Elle avait 30 ans. Un sourire qui éclairait les pièces, des projets plein la tête, et toute la vie devant elle. Aujourd’hui, Flora, mère d’une petite fille de 10 ans, lutte pour survivre dans un appartement silencieux où le temps s’est arrêté. Son crime ? Avoir cru, comme tant d’autres jeunes femmes, que le cancer du sein était l’affaire des autres, des plus âgées, de celles qui avaient « vécu ». Une illusion mortelle qui se brise chaque jour un peu plus sur le visage d’une génération sacrifiée. Le cancer du sein connaît aujourd’hui une terrible revanche démographique. Selon l’Organisation Mondiale de la Santé, les femmes de moins de 40 ans représentent désormais près de 20% des nouveaux cas en Afrique subsaharienne, avec des formes souvent plus agressives, plus sournoises, et surtout plus négligées.
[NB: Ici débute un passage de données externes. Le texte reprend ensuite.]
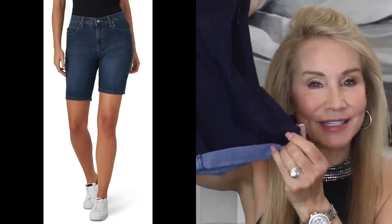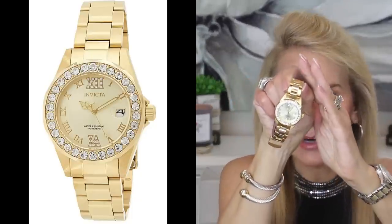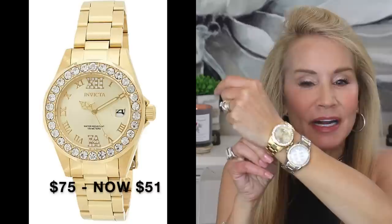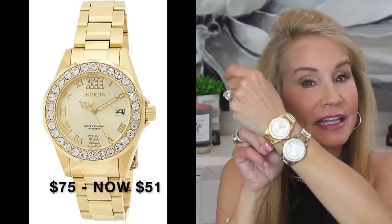My last clothing item is these Levi's Bermuda shorts. They have cuffs, but if you don't like the cuff, you can just use scissors to get rid of them. They're long, lean, and very classic. All the jewelry I have on is listed below the video — it's all Amazon and very reasonable. One of the watches I wear and love is in the Prime Day deals: the Invicta watch. It has a brushed gold face with a beautiful CZ bezel all the way around in yellow gold finish. I think it's about 30% off in the Amazon Prime Day sale.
Flora s’ajoute à cette liste macabre, rejoignant des milliers de jeunes vies interrompues par un diagnostic tardif et une prise en charge aléatoire.
« Ça avait commencé avec une petite boule dans le sein gauche qui ne me faisait pas mal », raconte-t-elle d’une voix éteinte. « Le sein avait un peu grossi par rapport à l’autre. » Comme tant d’autres, elle a d’abord cherché refuge dans les bras rassurants — et parfois trompeurs — de la médecine traditionnelle. « Cette dame m’a préparé des remèdes que j’ai commencé à prendre. Au départ, ça soulageait… mais le mal était toujours là. » En février 2025, le verdict tombe, implacable. « C’est vraiment dangereux. Tout le sang est altéré », lui explique l’oncologue. Le cancer du sein de Flora a métastasé, touchant son système sanguin. L’urgence est absolue : « Il faut d’abord qu’on nettoie le sang. »
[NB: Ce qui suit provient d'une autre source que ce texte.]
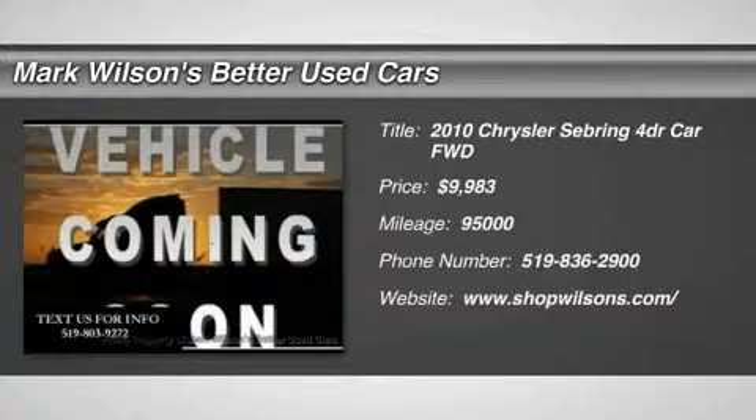The 2010 Sebring. The Sebring's sleek exterior design captures the essence of movement, while the interior craftsmanship offers a cabin with an abundance of style and comfort, including seating for five.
Mais entre le diagnostic et le traitement se dresse une barrière infranchissable pour beaucoup : la pauvreté. « Je suis là comme ça. Il n’y a aucune source de revenus. Aucune », murmure Flora, les yeux perdus dans le vide de son appartement. « Je travaillais et la maladie m’a clouée sur place. » L’abandon familial achève de la briser. « Dans ma famille, ce n’est pas ça. Ils m’ont lâchée. Personne ne veut m’aider. Personne. » Seule la solidarité précaire des voisins lui permet de survivre au jour le jour. « Ils me donnent deux mille francs. Je marche avec l’enfant. »
Le récit de sa fille de 10 ans est un cri étouffé dans la gorge de l’Afrique. « Seuls résonnent les cris de douleur d’une femme épuisée par la maladie. Sous le regard impuissant de sa fille, Flora vit un cauchemar éveillé. » Pourtant, au bord du précipice, une lueur persiste. « Malgré l’épreuve, Flora refuse de céder au désespoir », note l’observateur. « Cette femme autrefois rayonnante s’accroche à l’espoir de guérir, de revivre et surtout de retrouver le sourire qu’elle croyait perdu. » Mais le temps presse. « J’ai fait les examens. Je n’ai pas l’argent pour la prise en charge », avoue-t-elle, résumant en une phrase le drame de milliers de patientes. « Je suis à bout. »
L’appel dans le silence : l’Afrique peut-elle entendre ses filles ?
L’histoire de Flora n’est pas un cas isolé. Elle est le symbole douloureux d’une génération entière confrontée à une double peine : la maladie et l’indifférence. Alors que les systèmes de santé peinent à répondre aux besoins essentiels, les jeunes femmes atteintes de cancer naviguent dans un no man’s land médical, entre médecine traditionnelle insuffisante et médecine moderne inaccessible. Son oncologue est clair : une opération est nécessaire, suivie d’un traitement urgent. Mais sans moyens, sans soutien, sans système solidaire, Flora risque de rejoindre les statistiques silencieuses de celles qui sont parties trop tôt, laissant derrière elles des enfants, des rêves inachevés, et une question lancinante : jusqu’à quand ? Car derrière chaque chiffre, il y a une Flora. Une jeune femme pleine de vie à qui on a volé l’avenir. Une mère dont la fille grandira avec le souvenir des cris dans la nuit. Une Africaine qui se bat, seule, contre un ennemi invisible et une indifférence trop visible.